The whole European Union is still largely dependent on importing fuel, as shown by the 2009 data presented by the EEP. From the total natural gas imported by the EU, 34% comes from the Russian Federation and 31% from Norway, while crude oil is imported from OPEC countries (35% of total EU imports) and, again, Russia (33%). Energy import dependence also varies greatly by EU country, with countries such as Malta importing 100% of their national energy and Denmark importing zero and exporting 18.80%. Luxembourg imports 97.60%, Spain 79.40% and Austria 65%. Among the lowest energy importers in the EU are Romania (20.30 %), Estonia (21.20%) and the U.K. (26.60 %).
U.S. energy prices
The U.S. Energy Information Administration (EIA)’s “Electric Power Monthly“ report published in October contains up-to-date information on the electricity cost trends in America. According to the report, the average retail price of electricity has increased from 10.34 cents per kWh (last year) to 10.58 for all sectors.
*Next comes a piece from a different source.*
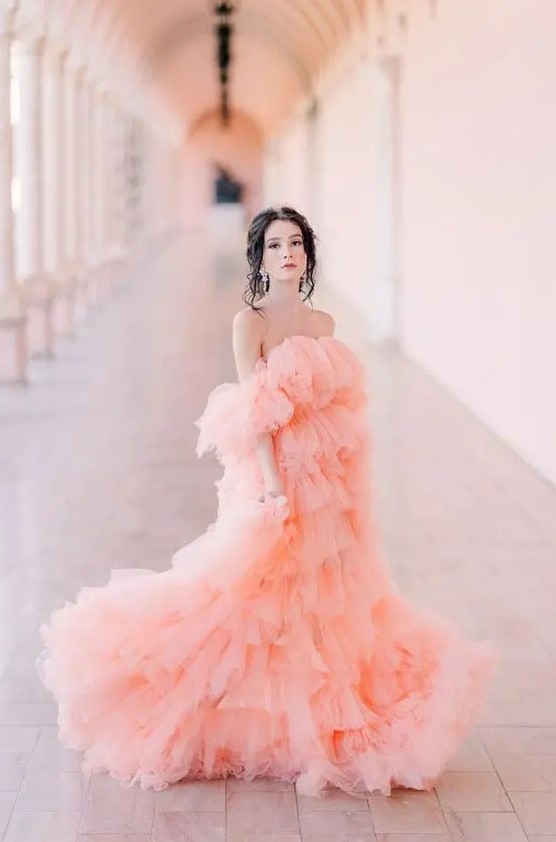 a gorgeous pink layered tulle off the shoulder wedding dress with a train plus statement earrings for a super girlish look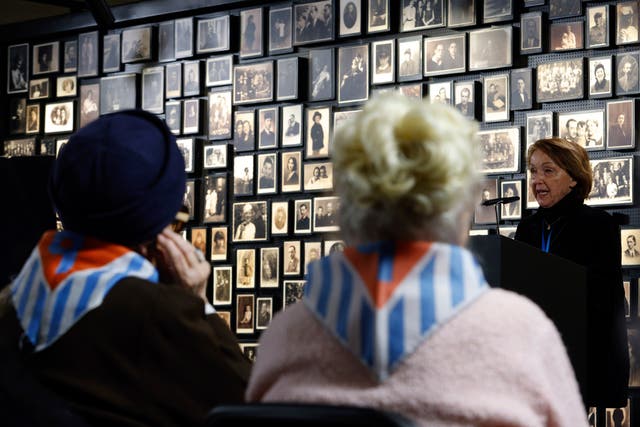 <p>Holocaust survivor Eva Umlauf with others at a ceremony in the former Nazi camp Auschwitz on Friday</p>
The energy industry obviously varies across the different states, and so do the prices – for instance Hawaii’s average price for electricity (all sectors) is 32.86 cents per kWh, while Washington’s is 6.98, but there is a national tendency to increase prices. The national average retail price of electricity for the domestic sector has increased to 12.51 cents per kWh from 12.17 in 2012. For the commercial sector, the current electricity price is 10.73 cents per kWh (it was 10.43 last year). The price also increased from 7.11 to 7.23 cents per kWh in the industrial sector, and from 10.29 to 10.67 for transportation.